Just Some Musical Tradition Going On!September 18, 2014
Traditional Music originates everywhere and nowhere at the same time. By definition, it is the first music developed in a region— and that’s anywhere in the world. It’s composer-less, cultural and social.
But let’s get to what we really want to hear… literally.
Appalachian folk music is derived, of course, from European influences like English, Irish and Scottish. (Think fiddle. Think fiddle real hard.) Absolutely essential Appalachian instruments include the banjo, denoting some African influence in there, too. Other instruments are the guitar and the fretted dulcimer, a creation of Appalachia’s very own.
Our music didn’t just get us by. By no means did it stagnate and find its own end by doing nothing. No! Nothing of the sort! Appalachian folk music created old-time music, country music and bluegrass. All this while planning its own comeback bigger than any other (including but not limited to: the Backstreet Boys, Spice Girls and even Michael Jackson himself!) It was the most integral aspect of the American folk music revival! Without it, what would there be to revive? You see how much it’s done!

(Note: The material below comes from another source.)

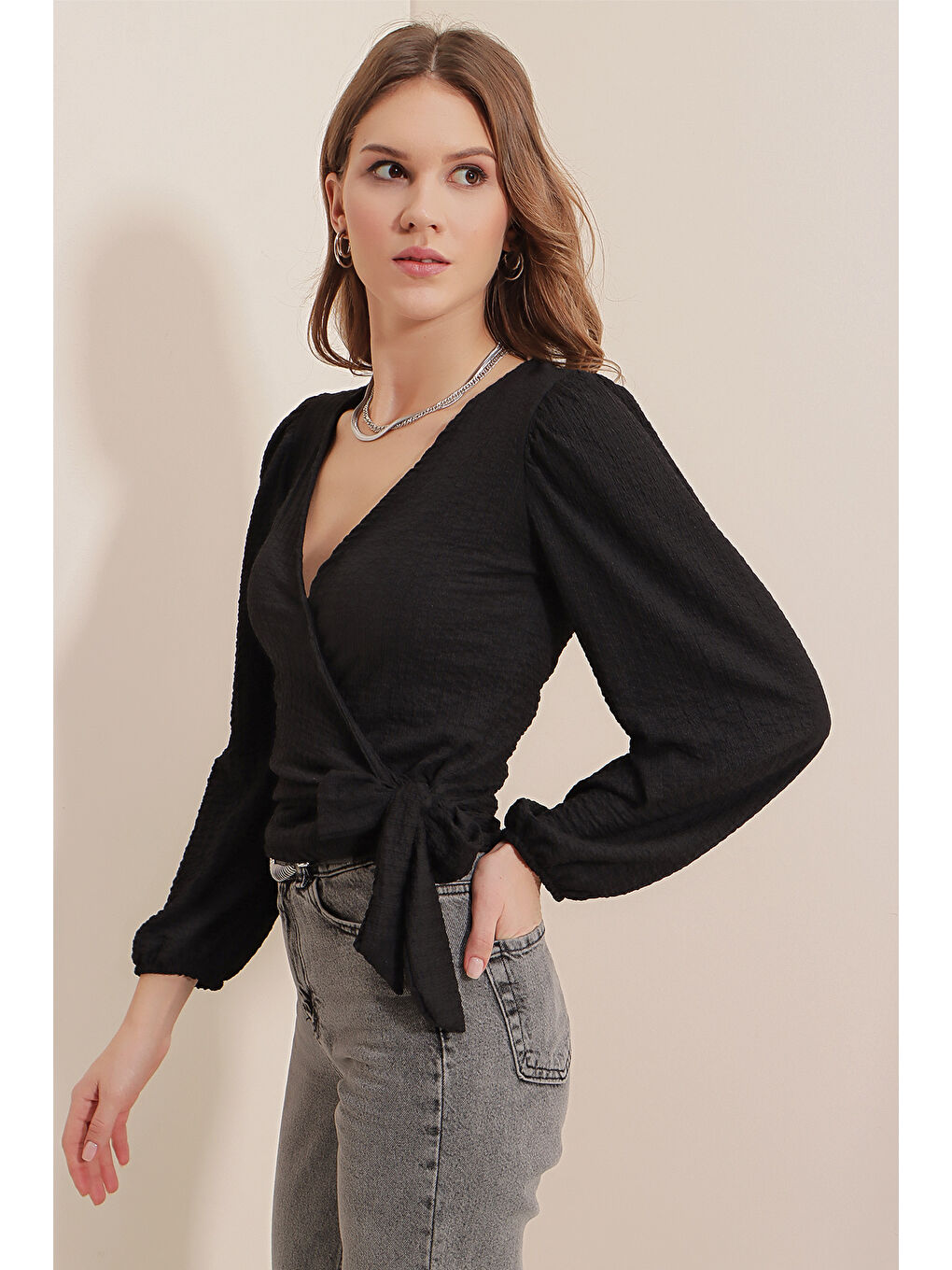 0441 Anvelop Örme Bluz - Siyah-4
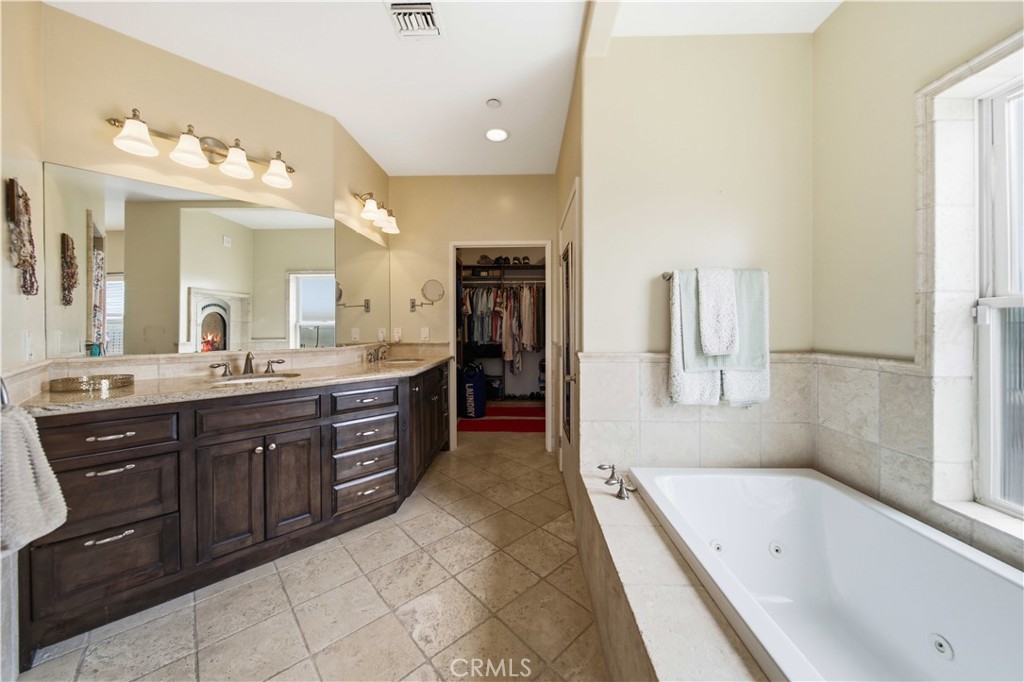 13675 Davenport Property Photo 17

Enjoy a full day of this traditional music with musician after musician after musician! Scheduled performances all day long with informal jamming in the park:
- Pricketts Fort Traditional Music Day
- Pricketts Fort Amphitheatre
- Saturday Sept. 20
- 10 a.m.- 4 p.m.
- Food available
- 10:00- Jeff Fedan
- 10:30- Kennedy Barn String Band
- 11:00- DAA Strumers
- 11:30- Robert Lackey
- Noon- Acme Tune Company
- 12:30- Looman’s Legacy
- 1:00- Mtn. William Strings
- 1:30- Almost A Song
- 2:30- Dan Cunningham
- 3:00- Back Porch Pickers
Don’t just take your ears back to tradition. Think about your eyes! Hear the distant tunes of our culture as you tour the fort and Job Prickett House (requires a ticket).